Green ticks indicate mutant viability, and circled green ticks indicate wild-type phenotype. Red crosses indicate failure to disrupt the gene, and red exclamation marks indicate a phenotype different from wildtype. The icons are either shown in full opacity (indicating they apply to the gene in the species queried) or semi-transparent (indicating they refer to orthologous genes in other species).
Figure 2. The phenotype page for the P. vivax CRK4 gene.
Though no experimental data is available directly from P. vivax, published results are shown from P. berghei and P. falciparum, with references to the original datasets from which likely data in P. vivax could be inferred.
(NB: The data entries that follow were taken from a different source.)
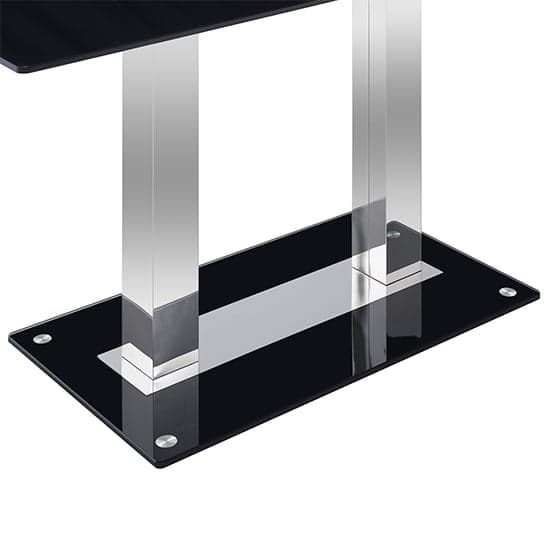 Jet Large Black Glass Dining Table With Chrome Supports_6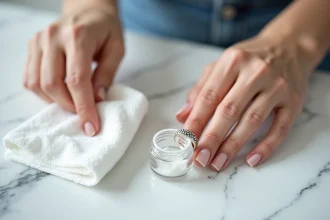 Femme polissant une bague en argent avec un produit nettoyant sur un plan de travail en marbre blanc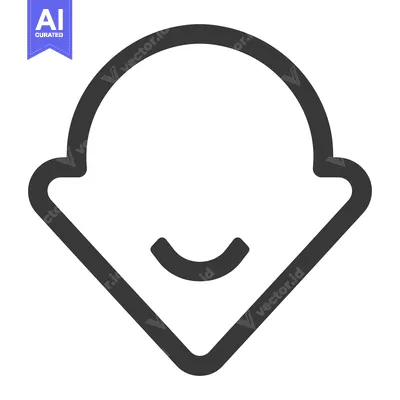 Aset desain premium: Simple and minimalist smiling face outline depicted on a white backdro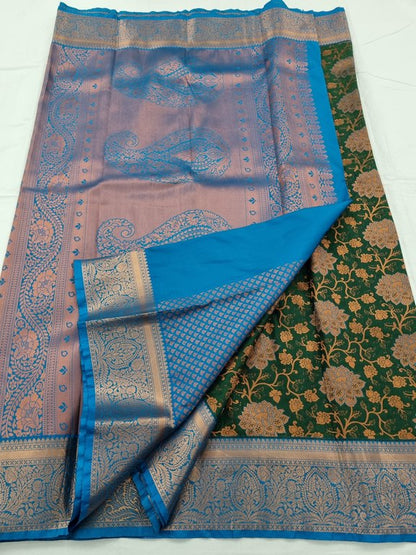 Blue And Green Kanchipuram Pure Silk Saree With Floral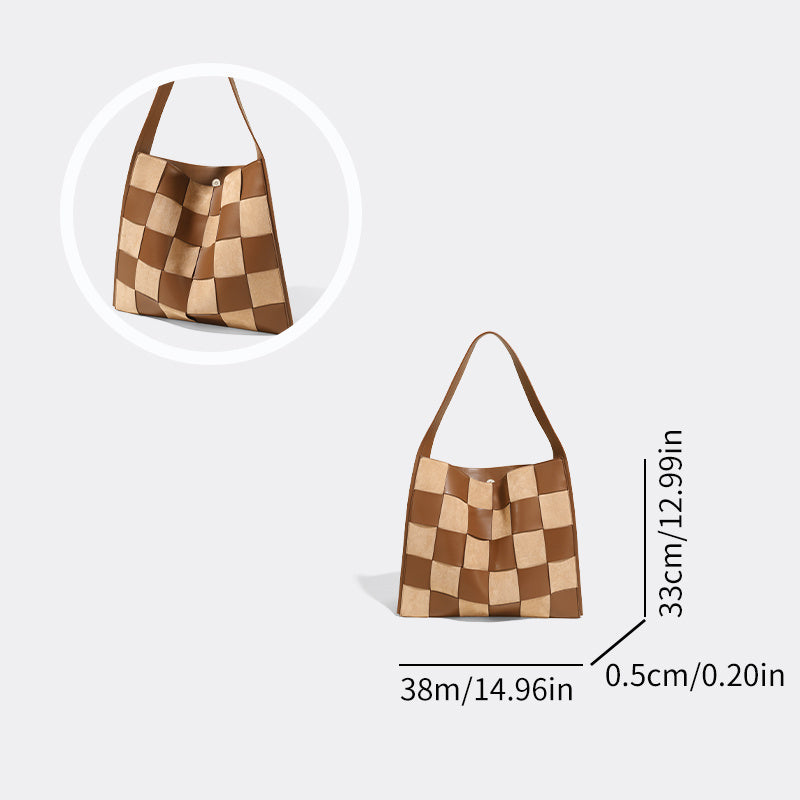 カラーブロック 編み込みショルダーバッグ トレンド感ある ミニマルハンドバッグ シンプルおしゃれ レディースバッグ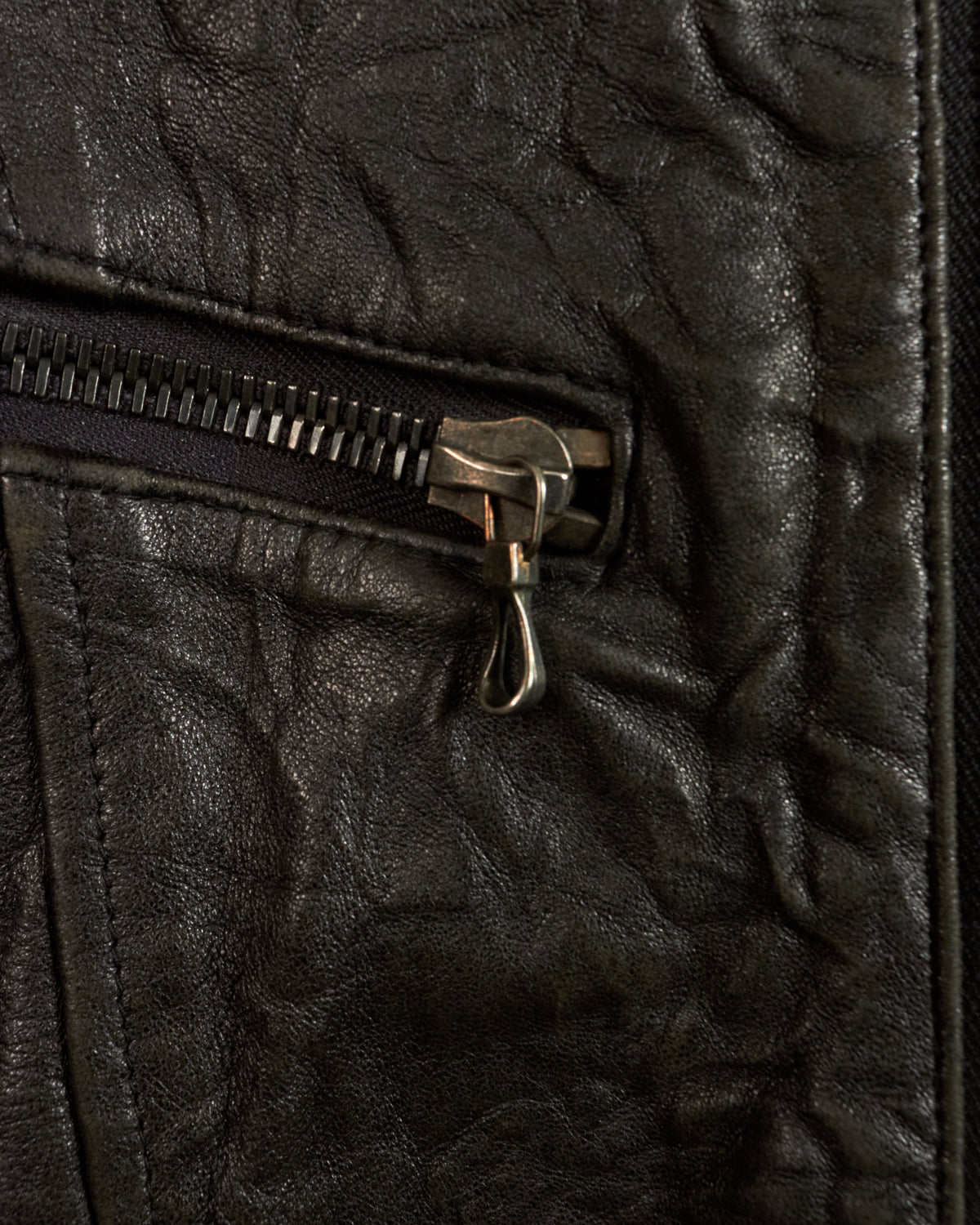 SHELLAC LAMB LEATHER DOUBLE ZIP BOMBER JACKET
This gene is essential and has therefore been refractory to all attempts to disrupt it by classical reverse genetics, but a conditional system has also been recently applied in P. falciparum, allowing a more detailed phenotype to be assigned to the gene from our taxonomy.
Literature review
A scan was made of the Plasmodium literature using Google Scholar (which provides full-text search for a large proportion of publications) to identify reported attempts at P. falciparum gene disruption for curation. Terms for which complete literature scans were made included ‘“attempts to disrupt” falciparum’, ‘“gene disruption of” falciparum’ ‘“gene deletion construct” falciparum’ and ‘“gene disruption construct” falciparum’. Numerous additional terms were used, and the first 10 pages of results for each search were manually curated and added to the database. In addition, genes with a suggested role in erythrocyte invasion were systematically curated by searching for all references to any version of their gene IDs, as discussed below.
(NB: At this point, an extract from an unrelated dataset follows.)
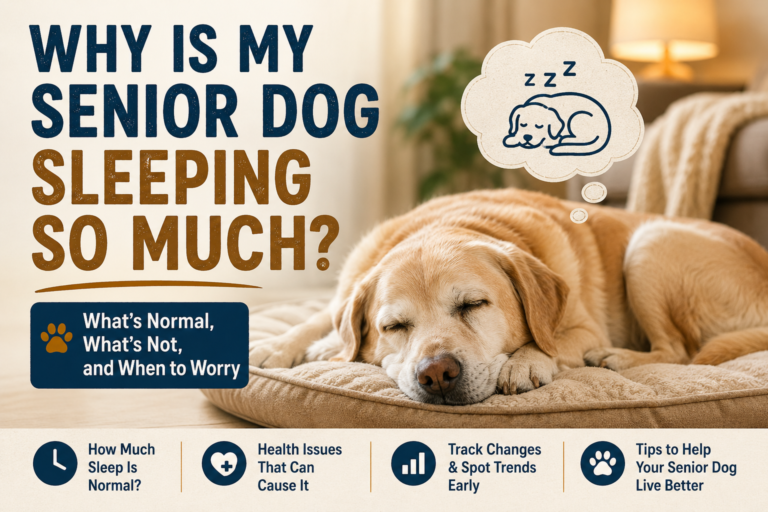Senior dog sleeping peacefully indoors, showing normal aging, sleep habits, and senior dog health monitoring.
One challenge when conducting literature searches into Plasmodium proteins is the fact that the numerous iterative improvements made to Plasmodium genome assemblies mean that a gene could be referred to by any of numerous current or historic gene IDs. To assist with this, the PhenoPlasm page for each gene contains a link to conduct a custom boolean search on Google Scholar, searching article full text for any of the historic gene identifiers which have been historically used to refer to the gene, as provided by PlasmoDB ( Aurrecoechea et al., 2009). Links are also provided to other databases, including searches for pathways and localization images on the Malaria Metabolic Pathways Site.
In addition to this curation, scripts were developed to regularly import data from RMgmDB and PlasmoGEM and transform it to the PhenoPlasm schema.
Enrichment analysis
Genome-scale phenotyping data provides opportunities to integrate diverse genome-wide data sets and investigate how they relate to gene functionality. The PlasmoGEM dataset, which currently contains data for >50% of P. berghei genes, has been used to identify essential metabolic pathways and investigate the relationship between transcriptomics, evolution and phenotype ( Bushell et al., 2017).
To supplement these analyses, and further illustrate the utility of genome-scale phenotype data, we sought to identify protein domains whose presence in a gene was predictive of essentiality or dispensability. We downloaded from PhenoPlasm the phenotypes relating to all P. falciparum genes, both directly assayed and inferred from orthologs, and added annotation information for InterPro signatures ( Aurrecoechea et al., 2009). We then used hypergeometric testing to identify signatures with members significantly enriched in essential or dispensable genes ( Supplementary File S1).
Results
The extent of data now available on PhenoPlasm
At the time of manuscript preparation, some form of phenotyping information is available for 3,188 genes ( Figure 3). Of these, 2,790 are from rodent malaria parasites, and so represent data imported from RMgmDB and PlasmoGEM. The remaining 398 are human parasite genes with phenotypes systematised by our curation, and brought together in a searchable format for the first time. For posterity, the complete data has been additionally deposited on Figshare ( https://doi.org/10.6084/m9.figshare.5114017), and will be updated at least yearly.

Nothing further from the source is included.